- Location: Gandarshe, Lower Shabelle, South West State of Somalia 1°50′00″N 44°58′00″E﻿ / ﻿1.833333°N 44.966667°E
- Target: Al-Shabaab camp and vehicles
- Date: December 15–16, 2018
- Executed by: United States Africa Command in coordination with the Federal Government of Somalia
- Outcome: Attack on Somali military base prevented
- Casualties: December 15 34 killed; December 16 28 killed; Total: 62 Al-Shabaab militants killed (per US and Somalia)
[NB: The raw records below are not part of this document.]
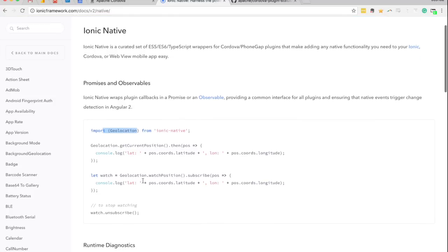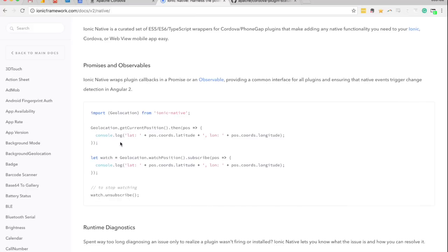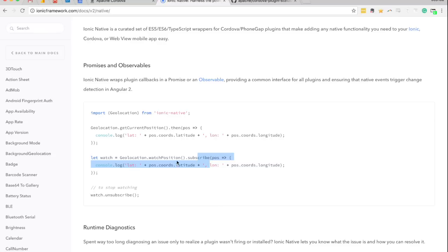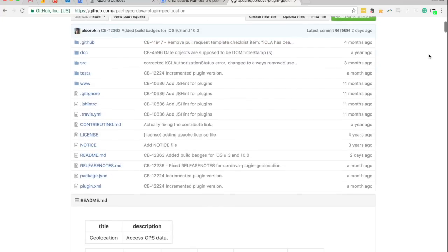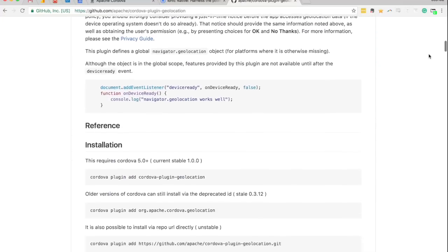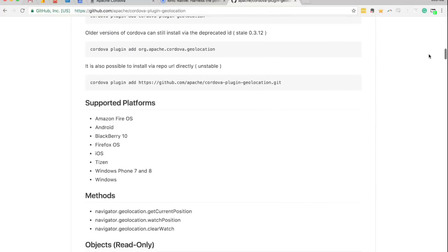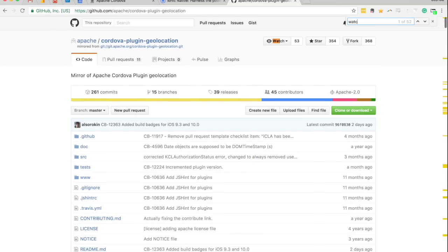You can see here for the geolocation example they have here, we've got geolocation.watch position and then a subscribe. So this is returning an observable, and we're subscribing to that observable which then reports the position. So this is a very Ionic 2 way of doing things. But if you were to use the normal geolocation plugin, so I've just got the documentation for that up now. So if we find the watch position,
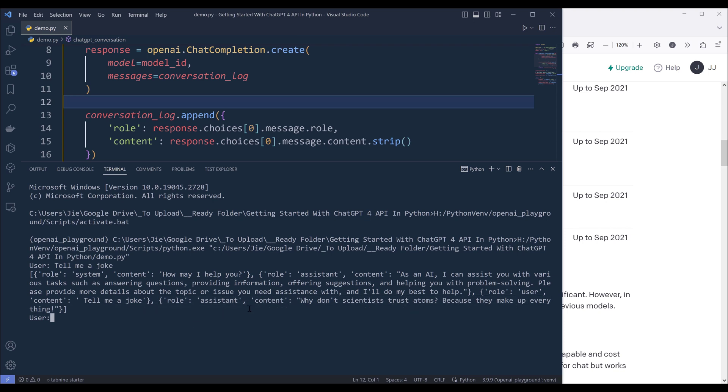This is a quick overview of how to use the ChatGPT-4 API. I hope you guys find this video useful. If you enjoyed it, please don't forget to give this video a like and click the subscribe button. See you guys next time, bye bye.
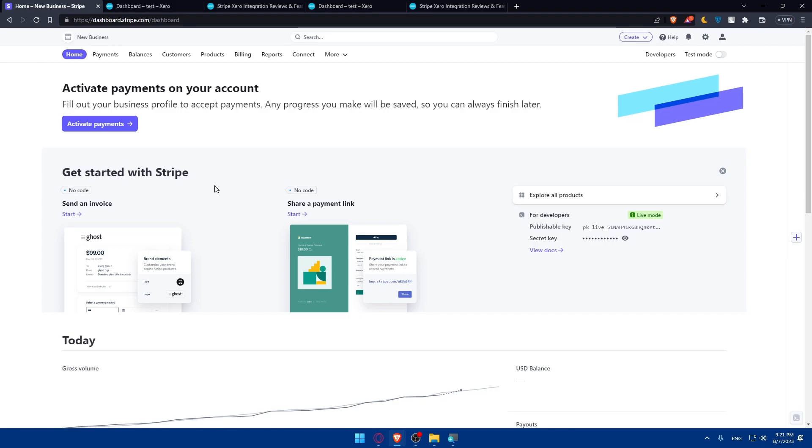By following these steps, you've unlocked a powerful combination of payment processing and accounting tools that can help you stay organized and informed. If you find this video helpful, please give it a thumbs up and subscribe to our channel for more tutorials like this one. And of course, I will see you in the next video. Thanks for watching.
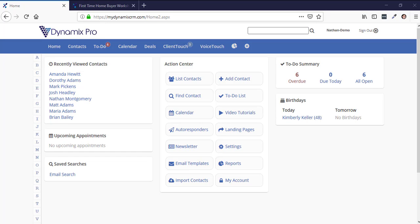So you just created your progressive landing page and now when the lead goes to fill out their name and email and hits the submit button and goes to the next landing page, the name is not automatically populating — they're having to retype it. Also, as they go through the progressive landing page, it's creating duplicate contacts, so from one lead it's creating multiple leads. I'm going to show you how to fix that in this video.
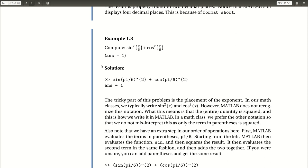Moving on, next we have our third example, exercise 1.3. In exercise 1.3, we're asked to compute sine squared of pi over 6 plus cosine squared pi over 6.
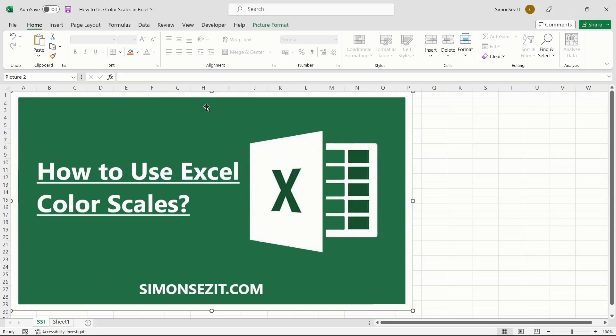Hello everyone, welcome to a new tutorial from Simon Says It. In this video, I will show you how to use color scales in Excel.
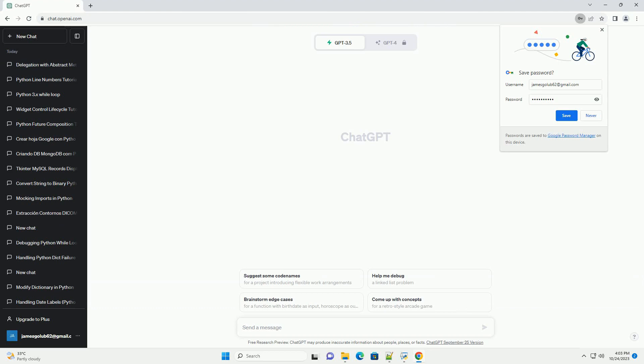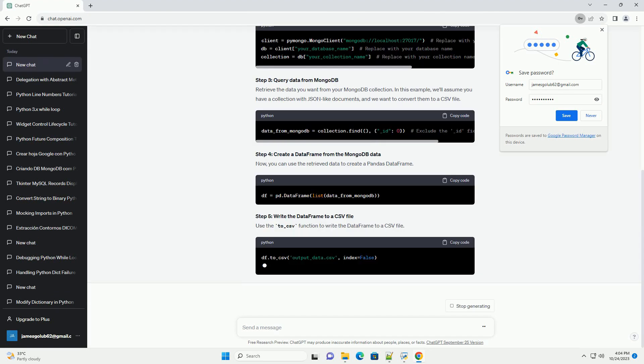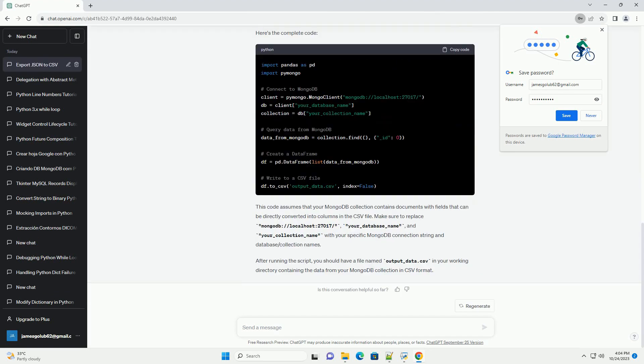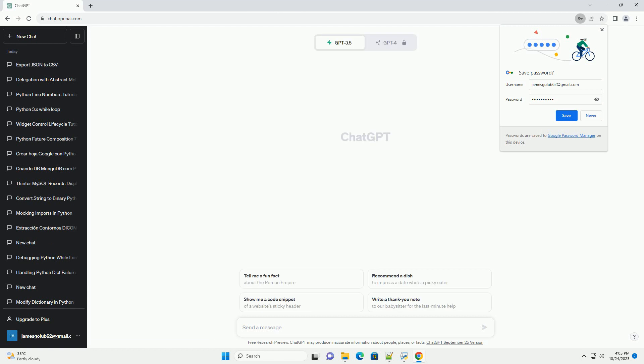The delegation design pattern is a structural pattern that allows objects to work together by delegating responsibility for a specific task to another object.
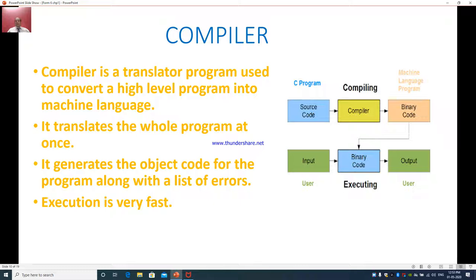It generates the object code for the program along with a list of errors. The compiler is very fast compared to the interpreter, because with the interpreter you go line by line, whereas the compiler lets you type the entire program and only then shows the list of errors. A diagrammatic representation is shown. C program is an example of a compiler-used program — this is the source code, and compiling is used to convert the language you type into machine language.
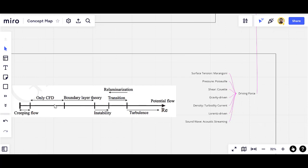This is the Reynolds axis. We have different regimes and applications of fluid flow on this curve. The Reynolds number starts from zero and reaches infinity. Near the left limit we have creeping flows, then the boundary layer theory appears, and in the mid-range we must use CFD tools — no other choice. Instability starts here, the flow becomes turbulent, and transition appears. The inverse of transition is called relaminarization. As the Reynolds number approaches infinity, we have potential flow.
= December 2018 airstrikes in Gandarshe =

Airstrikes against Al-Shabaab militant in Southern Somalia

On December 15 and 16, 2018, the United States Military in coordination with the Federal Government of Somalia conducted six airstrikes in the coastal town of Gandarshe on Al-Shabaab militants who were suspected to have been preparing an attack on a Somali military base in the Lower Shabelle region. Four of the airstrikes were conducted on December 15, killing 34, while two more were conducted on the 16th killing 28, bringing the total to 62 people killed – all said to have been militants with no civilians reportedly killed or injured according to United States Africa Command. The town of Gandarshe located 30 miles Southwest of the Somali capital Mogadishu had long been a launching point for attacks by Al-Shabaab including car bombings. The operation brings the number of airstrikes in Somalia to at least 46 by the United States during 2018.